Researchers seek to combat laurel wilt disease in avocados

A $5 million USDA grant will support efforts to expand avocado production and stop the spread of a disease that has destroyed 350,000 avocado trees in Florida.

Avocado tree
A University of Florida research team will test new varieties for cold and disease resistance in the hope of expanding avocado production beyond Miami-Dade County, according to the university.
(Photo: Jaboo_foto, Adobe Stock)

A University of Florida research team has secured a $5 million grant from the USDA to improve control and mitigation of laurel wilt disease and its vector, the redbay ambrosia beetle, which threatens the expansion of avocado production in the state.

The research team also will test new varieties for cold and disease resistance in the hope of expanding avocado production beyond Miami-Dade County, according to the university.

“Laurel wilt is the most devastating disease to avocado trees in the world,” Jeffrey Rollins, principal investigator and a professor of plant pathology at the University of Florida Institute of Food and Agricultural Sciences, said in a news report from the university. “Trees infested with this pathogen die within four to eight weeks.”

The pathogen for laurel wilt disease is transmitted by four to five ambrosia beetle species and root grafts of adjacent avocado trees.

Laurel wilt has severely impacted the avocado industry in South Florida, said Jonathan Crane, a co-principal investigator and a tropical fruit crop specialist at UF/IFAS Tropical Research and Education Center. Crane estimates production has been reduced by 50% because of the disease. Rollins said laurel wilt has destroyed more than 350,000 trees in Florida.

“Growers are interested in increasing commercial acreage in Central Florida, thanks to a variety of conditions, one being warmer climates shifting to the north. Currently, avocadoes can be found growing as far north as Polk County,” Crane told the university.

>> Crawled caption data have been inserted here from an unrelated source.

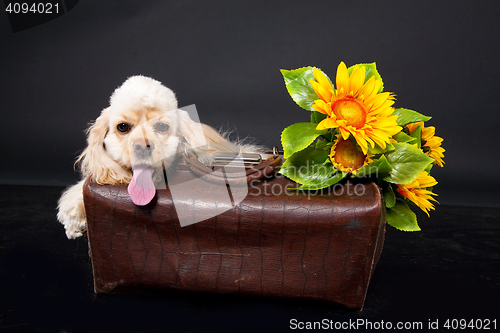 Image of Cocker Spaniel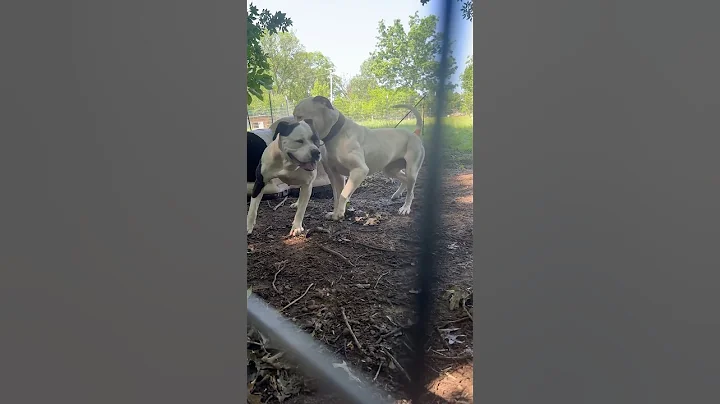 Goes down #bjbd #americanbulldog #tandem #bulldog #litter #hybrid #brotherjacksbulldogs #next #🔥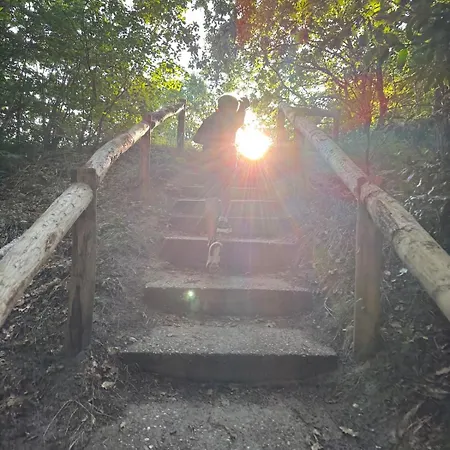 Elements The Luxe En Bergen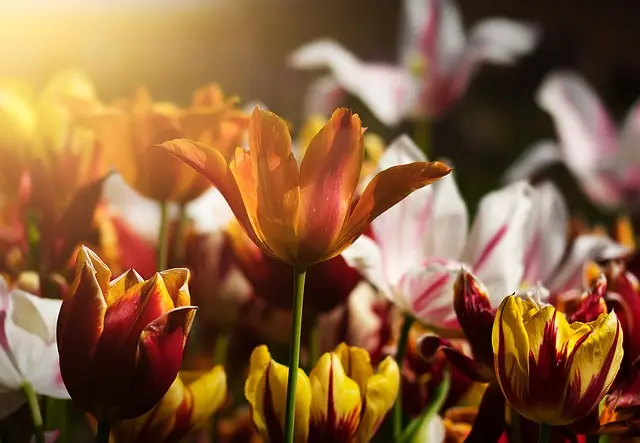 Les astuces pour réussir un jardin bio toute l'année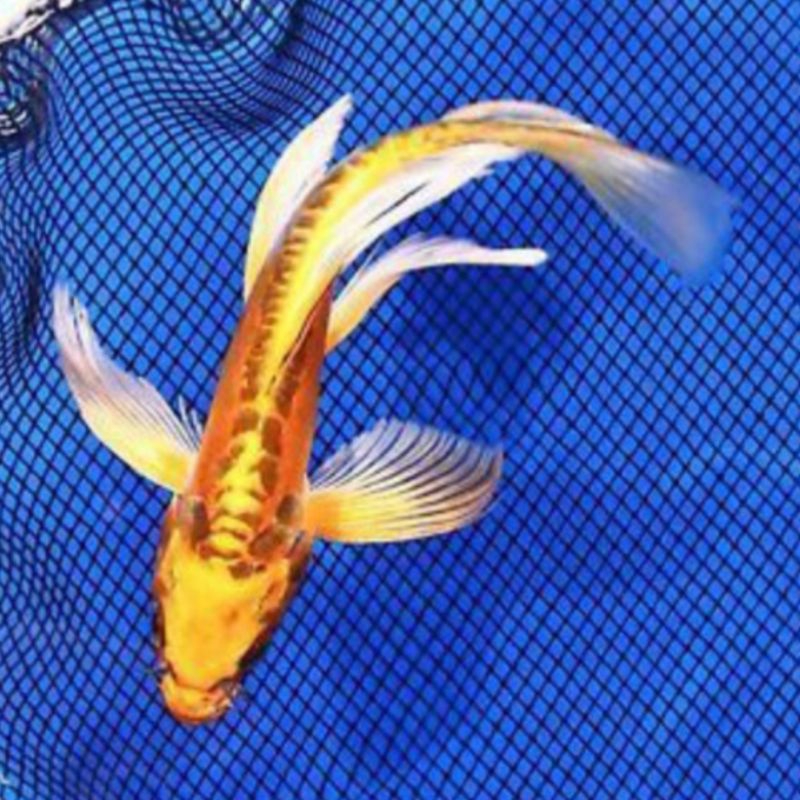 Ikan Hias Koi Kumpay Gold - Koi Slayer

Laurel wilt was first discovered in Florida in 2012 and was initially spread by the redbay ambrosia beetle, according to the university.

“The pathogen has now spread to 10 ambrosia beetle species, five of which we know can transmit the disease,” Crane said. “That completely complicates everything. There is more at stake because the problem stretches beyond Florida into other avocado-producing states, posing significant risks.”

The university said the research team hopes to put a stop to the spread of the disease.

“The danger doesn’t stop at Florida’s borders,” Rollins told the university. “Laurel wilt is a threat, with its spread already reaching Texas and Kentucky and [it] potentially could devastate California.”